(Data records)
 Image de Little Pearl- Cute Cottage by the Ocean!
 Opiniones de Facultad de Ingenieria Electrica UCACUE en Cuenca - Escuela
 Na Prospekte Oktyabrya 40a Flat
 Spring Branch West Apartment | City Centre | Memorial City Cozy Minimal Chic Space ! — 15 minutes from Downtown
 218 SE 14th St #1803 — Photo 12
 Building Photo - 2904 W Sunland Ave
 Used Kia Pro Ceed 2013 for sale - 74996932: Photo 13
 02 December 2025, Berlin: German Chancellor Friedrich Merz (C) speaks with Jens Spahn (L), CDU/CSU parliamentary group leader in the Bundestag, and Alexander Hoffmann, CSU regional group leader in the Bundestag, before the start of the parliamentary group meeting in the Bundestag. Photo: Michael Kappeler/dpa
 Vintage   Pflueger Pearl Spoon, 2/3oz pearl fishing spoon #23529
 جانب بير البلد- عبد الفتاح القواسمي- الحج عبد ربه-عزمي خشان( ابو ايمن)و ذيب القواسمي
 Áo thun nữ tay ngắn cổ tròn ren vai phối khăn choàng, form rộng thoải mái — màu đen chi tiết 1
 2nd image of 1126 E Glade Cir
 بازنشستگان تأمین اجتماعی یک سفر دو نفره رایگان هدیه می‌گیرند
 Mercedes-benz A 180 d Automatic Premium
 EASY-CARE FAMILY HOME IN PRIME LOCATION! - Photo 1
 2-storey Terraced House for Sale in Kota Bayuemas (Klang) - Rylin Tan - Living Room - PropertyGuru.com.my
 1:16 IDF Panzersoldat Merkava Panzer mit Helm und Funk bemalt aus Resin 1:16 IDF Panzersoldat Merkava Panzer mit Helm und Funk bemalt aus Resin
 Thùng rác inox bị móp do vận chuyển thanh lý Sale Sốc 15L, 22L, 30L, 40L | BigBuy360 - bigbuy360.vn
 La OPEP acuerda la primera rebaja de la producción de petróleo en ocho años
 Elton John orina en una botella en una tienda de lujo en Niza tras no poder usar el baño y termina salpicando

TASK TO CARRY OUT: Taking the line with "EASY-CARE FAMILY HOME" as the first and the line with "2-storey Terraced House" as the last, retype that stretch of the data above exactly, with no other lines.

YOUR RESPONSE:
 EASY-CARE FAMILY HOME IN PRIME LOCATION! - Photo 1
 2-storey Terraced House for Sale in Kota Bayuemas (Klang) - Rylin Tan - Living Room - PropertyGuru.com.my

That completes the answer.